> **Task instructions**
Below is a listing with pictures in it; transcribe exactly the lines from the one that has "this 794×1000 image." through the one that has "this 845×633 image.", and omit those pictures.

> **Given information**
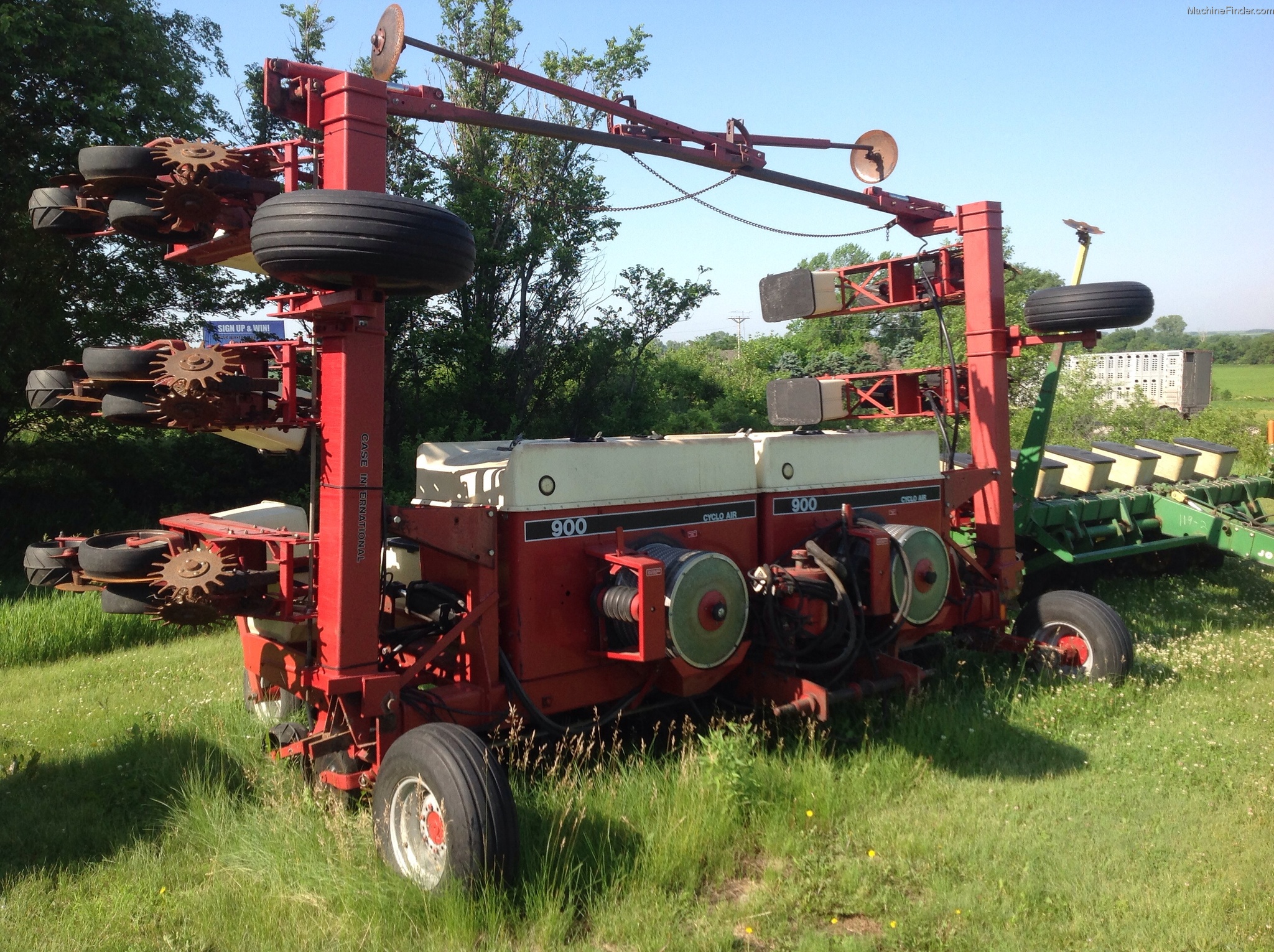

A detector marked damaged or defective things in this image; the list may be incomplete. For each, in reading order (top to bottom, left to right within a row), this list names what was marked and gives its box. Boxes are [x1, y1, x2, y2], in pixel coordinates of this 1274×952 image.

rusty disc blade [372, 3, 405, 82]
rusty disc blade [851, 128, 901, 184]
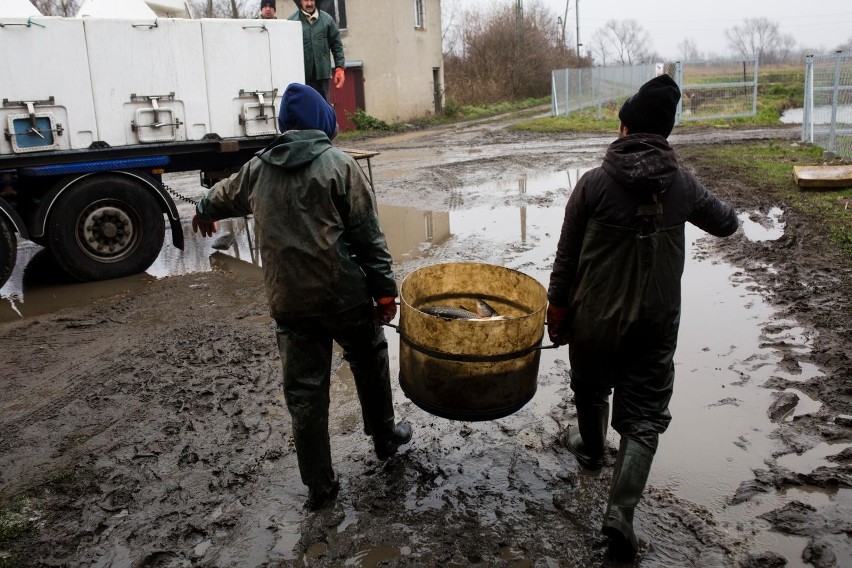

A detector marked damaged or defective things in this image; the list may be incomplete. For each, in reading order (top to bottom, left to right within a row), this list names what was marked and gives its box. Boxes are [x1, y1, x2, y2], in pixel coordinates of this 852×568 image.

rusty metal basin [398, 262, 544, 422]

...

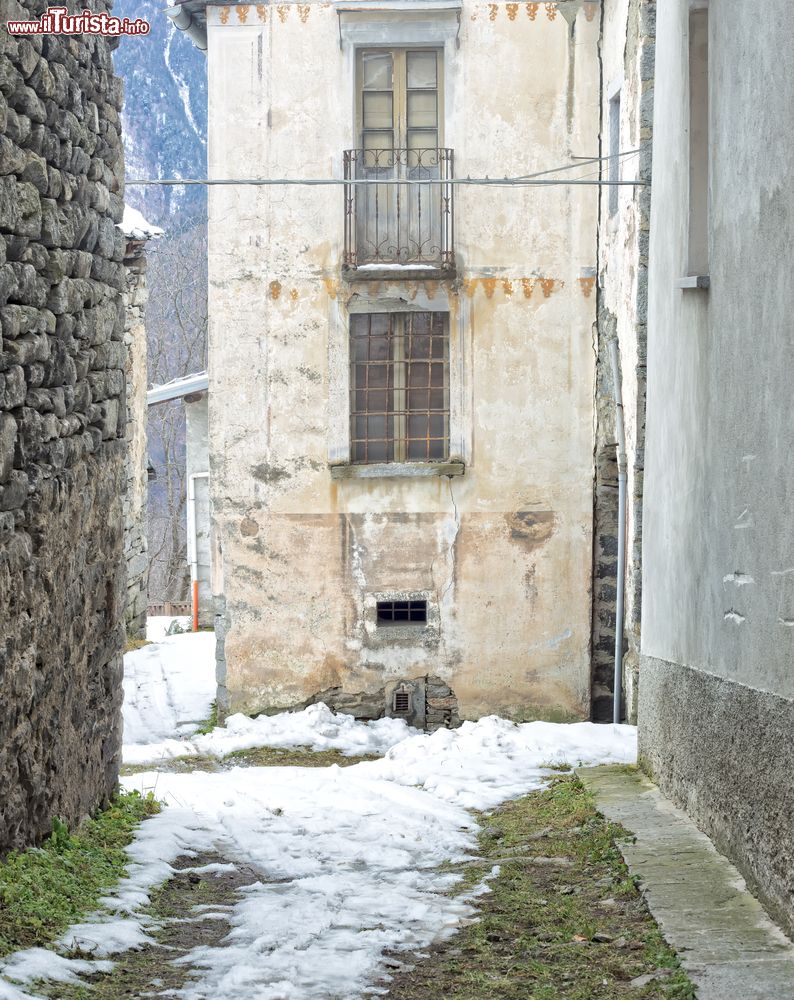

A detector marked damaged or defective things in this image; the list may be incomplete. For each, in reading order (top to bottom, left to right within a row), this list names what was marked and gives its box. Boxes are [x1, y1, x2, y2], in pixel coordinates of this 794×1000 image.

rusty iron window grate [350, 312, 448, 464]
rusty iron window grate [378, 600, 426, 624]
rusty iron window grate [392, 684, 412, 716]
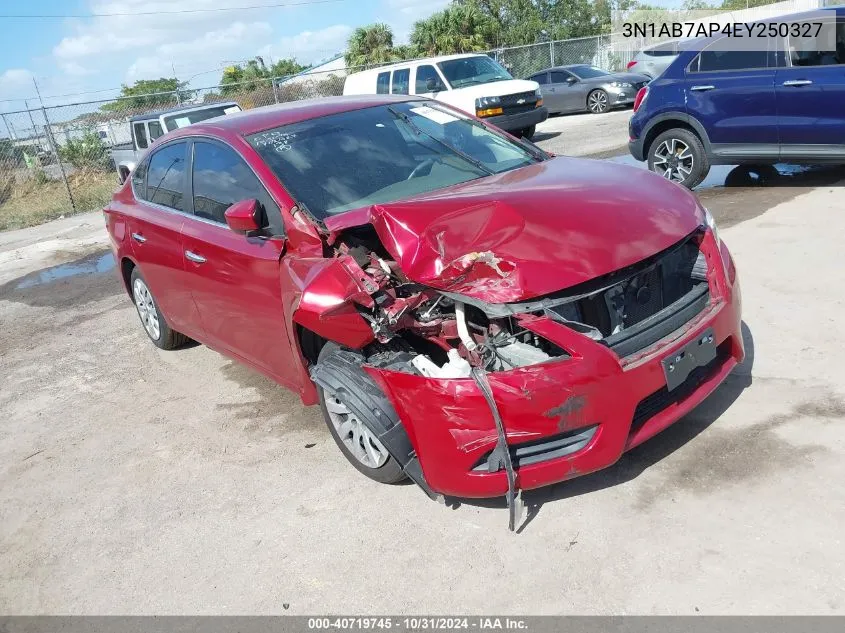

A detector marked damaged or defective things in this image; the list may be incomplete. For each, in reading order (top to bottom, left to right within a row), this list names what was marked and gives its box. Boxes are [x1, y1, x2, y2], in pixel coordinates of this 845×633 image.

> **Exercise solution**
A detector marked damaged or defective things in this image; the list may be incomplete. For each, in reading order (top to bottom, left to right within a row), this list names what was marked and gives its box. Boxes are [x1, y1, x2, y2], in pixel coordinates of this 794×1000 image.

rusty iron window grate [350, 312, 448, 464]
rusty iron window grate [378, 600, 426, 624]
rusty iron window grate [392, 684, 412, 716]

A detector marked damaged or defective things in this image; the list may be incomplete. For each, in reading order (top to bottom, left to right within a row), this list names what was marked and gives its box. Boxes are [x1, y1, x2, y2], in pixel coordinates of this 845×633 image.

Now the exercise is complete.